If companies decide that professional learning is unnecessary in the age of AI they'll be committing a horrible blunder. Their "fuck around" phase might sting, but missing an entire generation of skilled professionals is going to make our value skyrocket in the "find out" phase, a few years down the line.
That's fair.
Something I'm really interested right now is the balance in terms of the struggle required to learn something.
I firmly believe that there are things where the only way to learn how to do them is to go through the struggle. Writing essays for example - I don't think you can shortcut learning to write well by having an LLM do that for you, even though actually learning to write is a painful and tiresome progress.
But programming... I've seen so many people who quit learning to program because the struggle was too much. Those first six months of struggling with missing semicolons are absolutely miserable!
I've spoken to a ton of people over the past year who always wanted to learn to program but never managed to carve out that miserable six months... and now they're building software, because LLMs have shaved down that learning curve.
I think it really depends on how it's used. It's a massive accelerant if it's just helping you stitch stuff together. Or when it helps you get unblocked by quickly finding you the missing api you need.
But when it replaces you struggling through figuring out the mental model of what you're doing, then I think you end up learning at a much more shallow level than you would by doing thing manually.
And that's a fast lane for security issues a plenty, when you cannot spot them because you don't even understand what each part is supposed to do.
That's not learning, that's building. It's like trying to learn how to draw via paint by numbers. Do you end up with something you could hang on the wall? Sure. Could you have fun doing it? Sure. Is there anything wrong with just doing that as a hobby? Of course not.
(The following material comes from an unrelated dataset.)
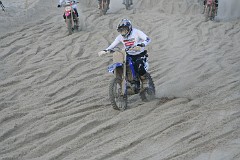 a (400)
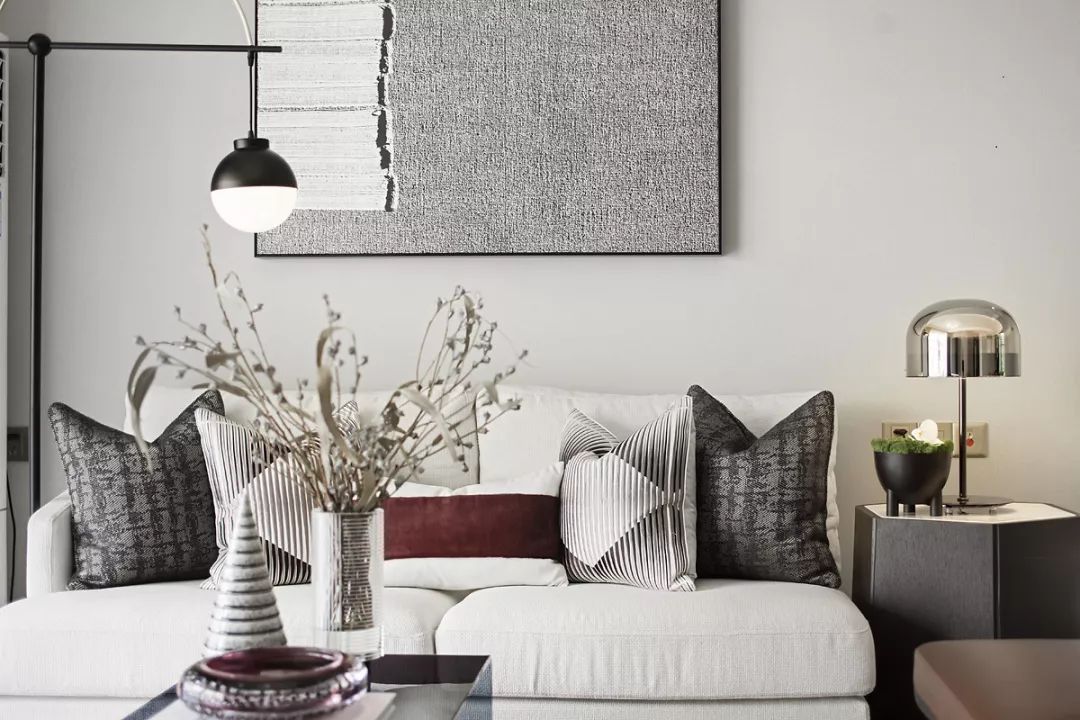 融创开平样板房 | 红灰协奏，品质生活-12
Is it a substitute for actually learning how to look at objects and break them down into shapes and color and value? No. You gotta put in the work if you want the result. Brains just work like that.
"Struggling with semicolons" isn't any different than drawing a hundred derpy looking faces that look terrible.
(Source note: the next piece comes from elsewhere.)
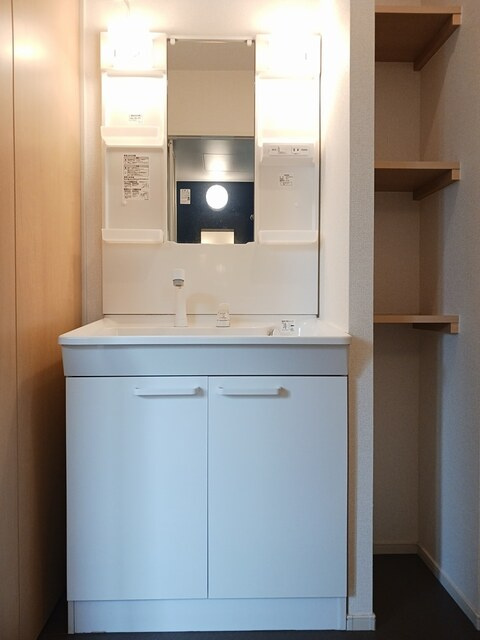 ヴィラ・ルピナスⅡの洗面所|洗面所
Ira Glass has a quote about this:
> “Nobody tells this to people who are beginners, I wish someone told me. All of us who do creative work, we get into it because we have good taste. But there is this gap. For the first couple years you make stuff, it’s just not that good. It’s trying to be good, it has potential, but it’s not. But your taste, the thing that got you into the game, is still killer. And your taste is why your work disappoints you. A lot of people never get past this phase, they quit. Most people I know who do interesting, creative work went through years of this. We know our work doesn’t have this special thing that we want it to have. We all go through this. And if you are just starting out or you are still in this phase, you gotta know its normal and the most important thing you can do is do a lot of work. Put yourself on a deadline so that every week you will finish one story. It is only by going through a volume of work that you will close that gap, and your work will be as good as your ambitions. And I took longer to figure out how to do this than anyone I’ve ever met. It’s gonna take awhile. It’s normal to take awhile. You’ve just gotta fight your way through.”
I like the sentiment, I really do, but nobody (outside a phd program) pays you to learn. That's just not how society is set up. If FAANG companies could get away with hiring high school kids at min wage to prompt all day they would. We'll figure that out real quick as that exponential rises. If you don't like it, build a better society. While you still can.
Correction: Nobody wants to pay for you to learn, yet they implicitly do it and rely on it.
If companies decide that professional learning is unnecessary in the age of AI they'll be committing a horrible blunder. Their "fuck around" phase might sting, but missing an entire generation of skilled professionals is going to make our value skyrocket in the "find out" phase, a few years down the line.
I love that Ira Glass quote. I've thought about it a lot!
I still think paint by numbers is a valid early step along the path to learning to draw.